Lefteris Pitarakis / Ap
Pakistani soldiers lead mules carrying aid for people affected by the Oct. 8 earthquake, as they approach the village of Bisuti in the Himalayan Mountains on Monday.
updated 10/17/2005 8:46:13 PM ET 2005-10-18T00:46:13

A mule train laden with sacks of food plodded into this village Monday, and a slight smile softened Mohammed Mushtaq’s gaunt face.

It was the first outside help in the nine days since a huge earthquake sheared away chunks of the mountain face and blocked the only road to this hamlet tucked 9,000 feet up in the Himalayas.

State-of-the-art helicopters need clear skies to fly in the mountains, and heavy rains since the Oct. 8 quake have hampered their use. But mules can get around in virtually any weather, so Pakistan’s army is relying on them to pack in desperately needed supplies.

The nearest town with food and other relief goods is Bagh, a rugged descent of nearly 5,000 feet. The rocky road winds along unforgiving terrain, with mountainside towering on one side and a sheer drop on the other.

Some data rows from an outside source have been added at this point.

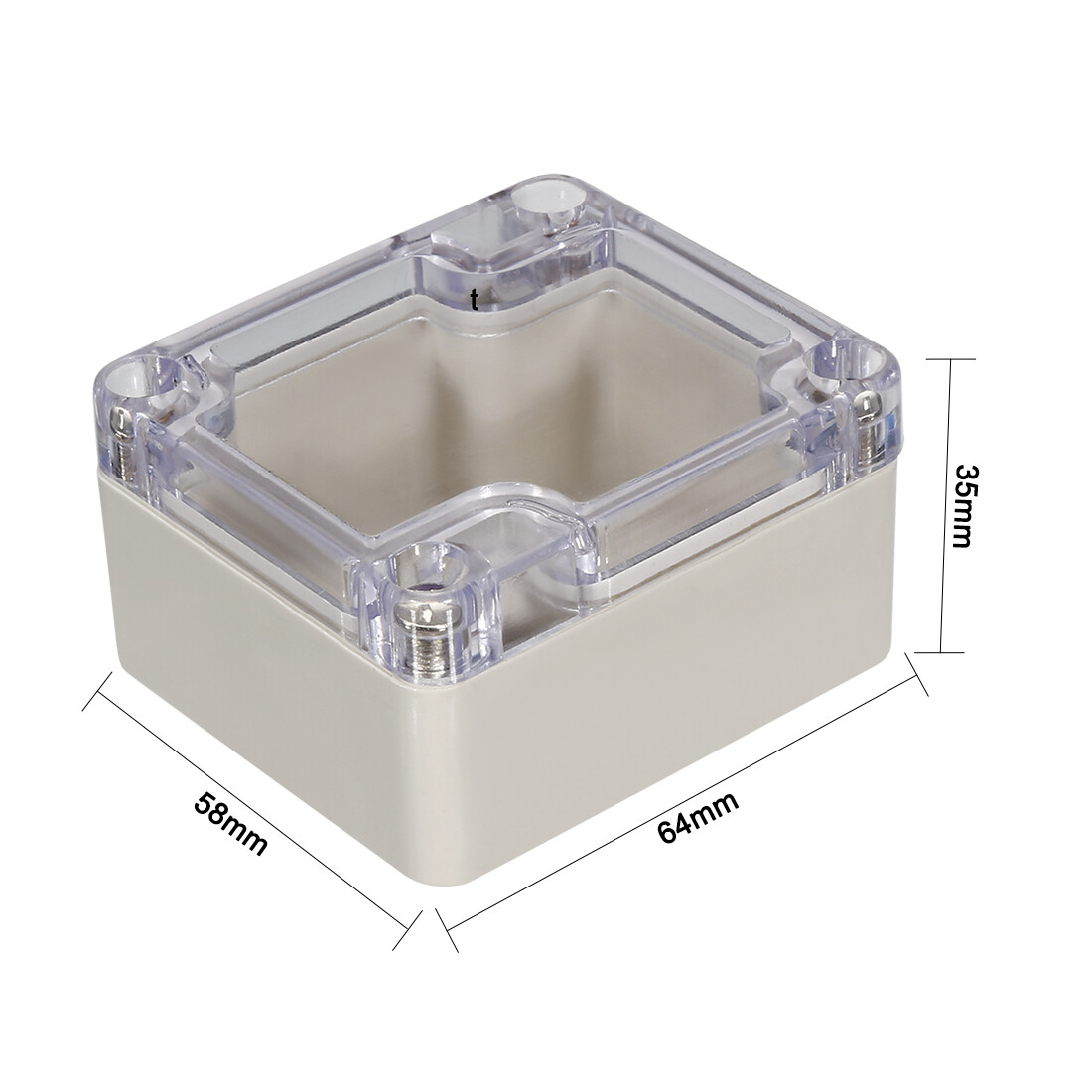 Waterproof Cover Clear Electronic Project DIY Box Enclosure Case 64X58X35mm
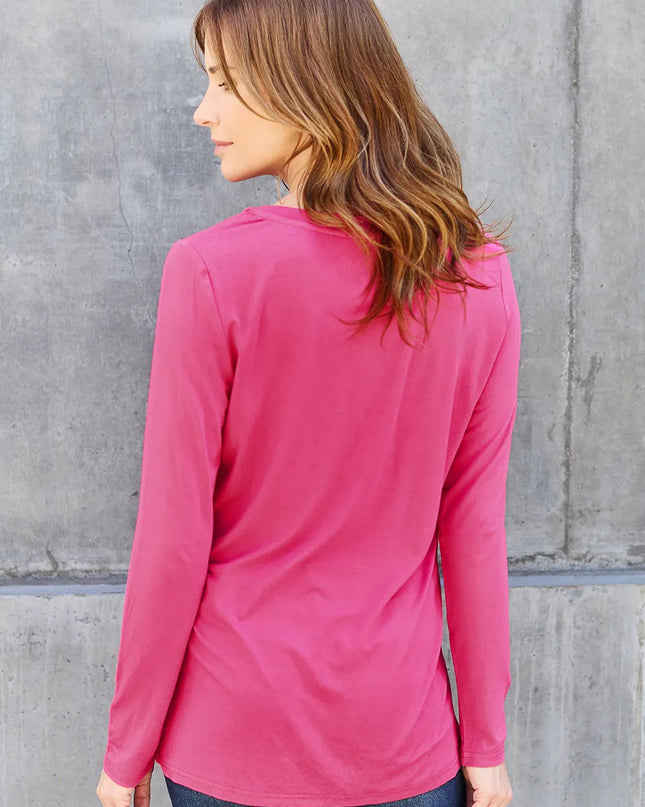 Basic Bae Full Size V-Neck Long Sleeve Top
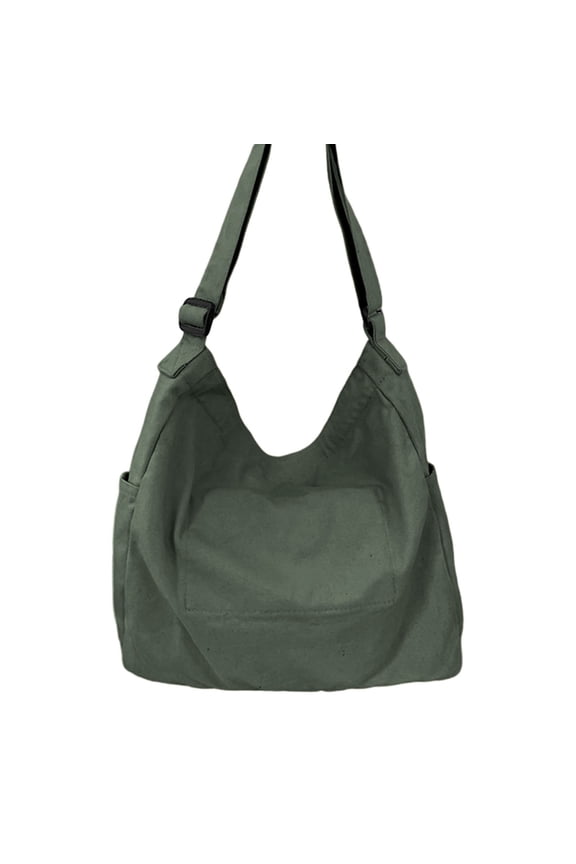 Canvas Hobo Crossbody Shoulder Tote Bag for Women and Men W/Multi-pocket Casual Purse Messenger Bags Travel Work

It is a hard trek for most people, and particularly so for 37-year-old Mushtaq, whose foot is turned almost completely inward from childhood polio, forcing him to hobble about with a cane.

The convoy of mules led by Pakistani troops took three hours to climb to Bisuti. When they arrived, it was chaos as Mushtaq and other villagers crowded around.

Soldiers pleaded with people to be orderly, getting them to form lines. The soldiers ripped open sacks holding sugar, flour, cooking oil, tea and lentils. One by one, they distributed the supplies until nothing was left except biscuits.

Important resource
The weather problems and Pakistan’s shortage of helicopters have made mules a key resource in the rugged mountains of Pakistani Kashmir, which suffered the worst damage during the earthquake. Many villages remained cut off as crews struggled to clear blocked roads.

“We had to decide the best way to reach as many people and places as we could,” said Capt. Noor-ul Amin, who accompanied the Bisuti mule train, part of a Pakistani army mule regiment that has 200 of the animals in Bagh.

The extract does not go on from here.